Il circuito di lubrificazione del motore di serie non viene modificato. La pompa dell’olio rimane a ingranaggi, anche se è possibile utilizzarne una a lobi montata dalla stessa Moto Guzzi sui propulsori più recenti. Nella parte anteriore del carter motore, dove viene installata la distribuzione, sono presenti gli alloggiamenti degli ugelli usati sulla MGS-01 per raffreddare il cielo dei pistoni. Grazie al raffreddamento ad acqua, però, sul Big Bore non è stato necessario utilizzarli.
Le prestazioni del BB1 in configurazione stradale (con omologazione Euro 3, catalizzatore e sonda Lambda) sono considerevoli. La coppia massima è infatti di 146 Nm a 5500 giri/min, mentre la potenza massima è di 134,6 Cv a 7100 giri/min. In corrispondenza della coppia massima si ha una Pressione Media Effettiva (PME) pari a 12,9 bar, mentre la velocità media del pistone al regime di potenza massima è di 18,9 m/sec.

Quest’ultimo valore sale a 21,3 m/sec quando il motore raggiunge il regime di 8000 giri/min, in corrispondenza del quale interviene il limitatore.
Le particolarità del BB1 sono sottolineate anche dal suo sistema di aspirazione che, a differenza di tutte le altre moto di serie presenti sul mercato, usa una solo corpo farfallato con diametro di 64 mm.
Da questo si diramano poi i due ben dimensionati collettori di aspirazione che raggiungono ciascuna testata. Senza dubbio, la considerevole lunghezza di questi condotti è corresponsabile della vigorosa coppia generata dal propulsore Big Bore. L’alimentazione è assicurata da un iniettore per cilindro, posizionato in prossimità del piano della testata sul quale viene fissato il collettore di aspirazione.

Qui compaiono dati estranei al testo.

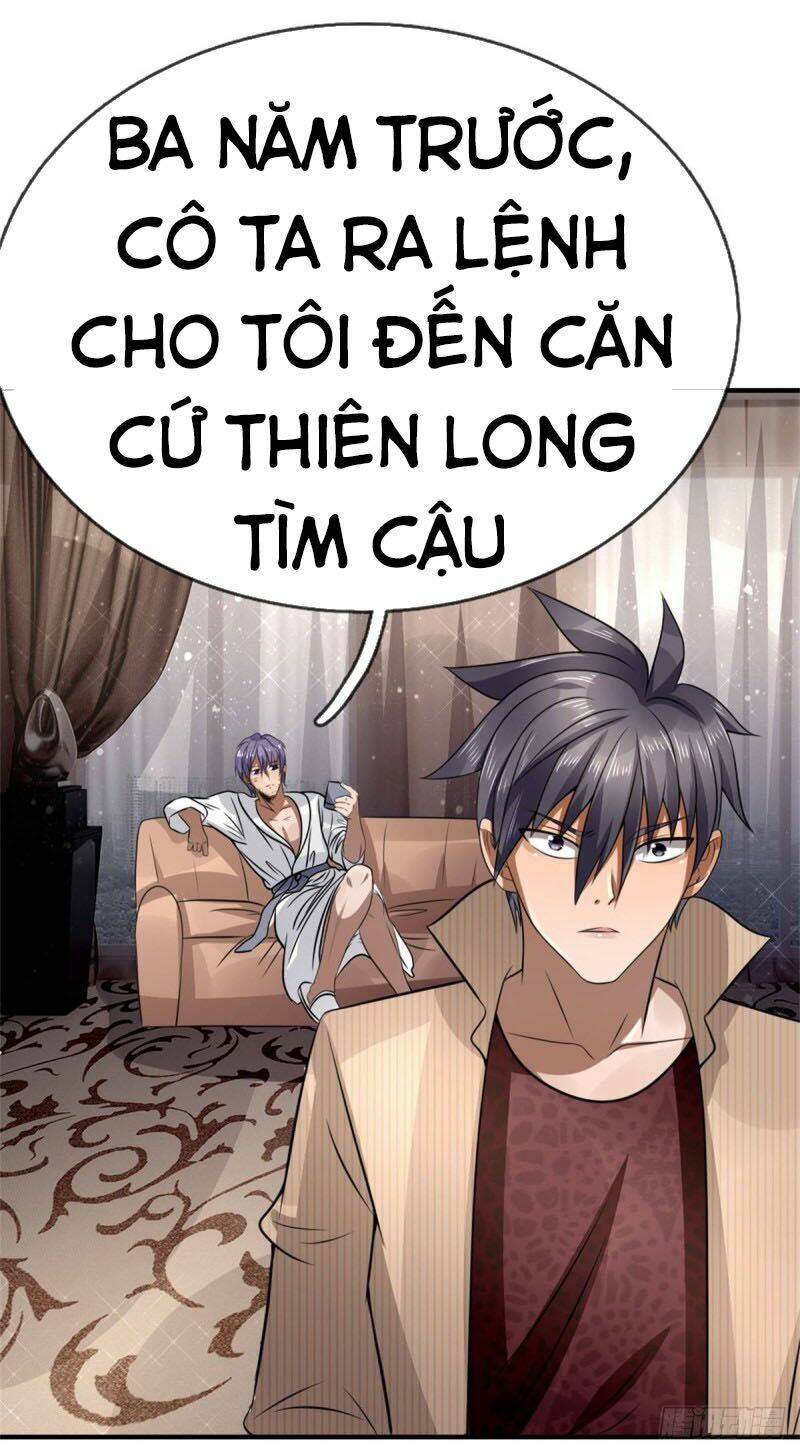 Tuyệt Thế Binh Vương: Chapter 103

La gestione di questi elementi e delle bobine che comandano la doppia accensione presente su ciascun gruppo termico non viene effettuata con la centralina della Magneti Marelli usata sulla moto prodotta dalla Moto Guzzi, ma con un’unità elettronica prodotta dalla Walbro.
Questo sistema determina il carico motore utilizzando il metodo alfa/n, cioè attraverso la rilevazione dell’angolo di apertura della farfalla e del regime di rotazione del propulsore. Con tale centralina, caratterizzata da una programmazione abbastanza semplice, Giuseppe Ghezzi è infatti riuscito a controllare con facilità e a gestire l’esuberante erogazione del BB1, nel completo rispetto delle norme antinquinamento Euro 3.
Il sistema Magneti Marelli viene invece lasciato unicamente per il comando della strumentazione, con la quale dialoga tramite linea CAN.
Concludiamo questa analisi tecnica osservando che il poderoso motore Big Bore 1 ha una struttura complessiva molto razionale, in modo da rendere semplici tutti gli interventi di manutenzione.
Inoltre, i suoi componenti sono ben dimensionati, in modo da sopportare senza problemi elevate sollecitazioni.
Descrivendo il BB1, Giuseppe Ghezzi ha giustamente sottolineato queste caratteristiche, rivendicando la semplicità che dovrebbe contraddistinguere ogni moto. Parlando con questo tecnico, abbiamo anche scoperto che nei suoi progetti futuri c’è una nuova sportiva, sempre contraddistinta da estrema razionalità ed essenzialità, dunque molto competitiva ed efficace.
Questa, però, è un’altra storia, che per il momento rimane coperta da un velo di mistero.